Packaging: is a technological art of confining product in enclosed environment to protect the product in the chain of distribution, storage, sales and usage. It includes activity like designing the packaging material in accordance to the intended use i.e., depending upon the product. Objective of packaging is to achieve and provide physical protection things, shock, vibration, compression, temperature etc., barrier protection from oxygen, water vapor, dust etc. and providing controlled atmospheres keep the contents clean & fresh, prevent containment and agglomeration, for efficient marketing by efficiently designing package graphic design and physical design, providing security to deter tampering and also can have tamper evident features to help indicate tampering. Apart from all above stated objectives, packaging provide convenience in distribution, handling, stacking, display, sale, reclosing, reuse, dispensing. Packaging helps in portion control by serving single serving packaging having precise amounts of content to control usage.

Types of Packaging

  1. Primary Packaging: Packing material comes in direct contact with product and holds it which is usually the smallest unit of distribution or use
  1. Secondary Packaging: It is the outside of primary packaging, used to group primary packages together
  2. Tertiary Packaging: Tertiary packaging is used for bulk handling, warehouse storage & transport shipping. The most common form is a palletized unit load that packs tightly into containers.

Packing material used should not be contaminating the product on the other hand should be good barrier to outer environment like temperature, relative humidity, dust and most importantly contaminants.

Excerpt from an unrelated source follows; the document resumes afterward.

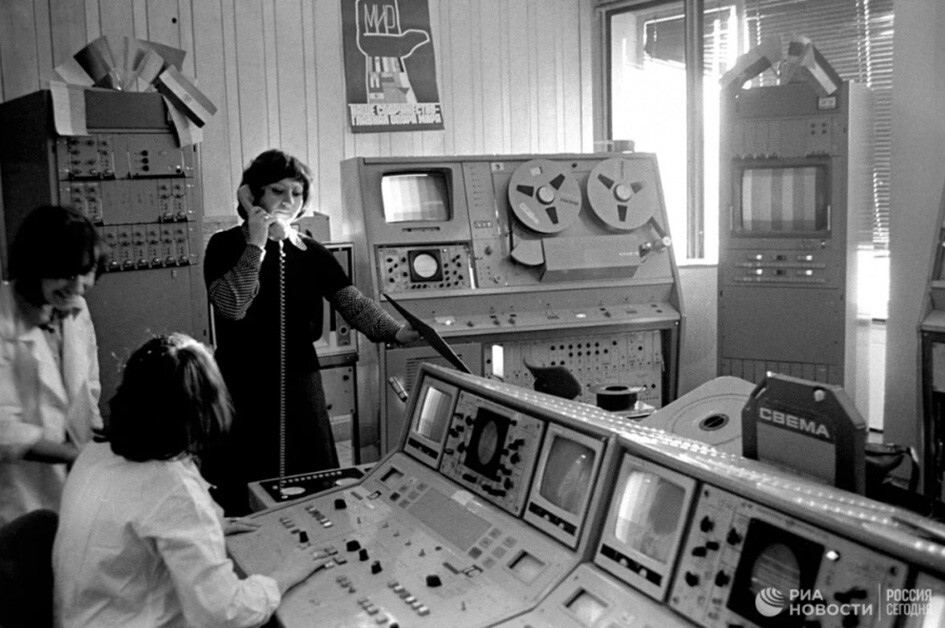 В одной из аппаратных телецентра Останкино, 1976 год, Москва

Labelling: Any written, electronic or graphic communications on the packaging or on a separate but associated label, displaying information about a product on its container, packaging or the product itself. Labelling promote brand identification, describes the product by providing information regarding the food product in terms of contents, nutritional values, cost, product usage methods, shelf life etc. Labelling can be customized to make it attractive by using bright graphics. Label should consist of Maximum Allowable Variation (MAV) i.e., maximum weight deviation allowed from the label stated weight on the individual package of the food product below which the product is unacceptable, and label weight, i.e., the weight that is declared on the label of the package that indicates the net contents of the package and is seen by customers when they buy food products.

Labelling should include

  1. Name of the food
  2. List of ingredients in descending order
  3. Nutritional information per 100gm/ml
  4. Name and complete address of manufacturer
  5. Net content by weight or Volume
  6. Lot no/Batch identification
  7. Date of Manufacturing /Packing
  8. Best Before Date
  9. Veg/ Non Veg logo of appropriate
  10. Dimensions
  11. Specific declaration of flavors
  12. Name and completed Address of Importer, in case of Imported Food
  13. Country of Origin for Imported food
  14. FSSAI Logo & License Number

Great attention should be given in not using stickers, not putting legal metrology on labels, make false claims or using pictures/ graphics that miss represent product to the customers. Mislabeling is considered criminal fraud, and is not dependent on the fact, if following food safety or not.

Packaging validation and verification should be done to option the required results in respect to quantity and quality of the product. All techniques can be used for validation and verification such as physical, chemical and biological techniques or can be combined with other techniques to get assurance.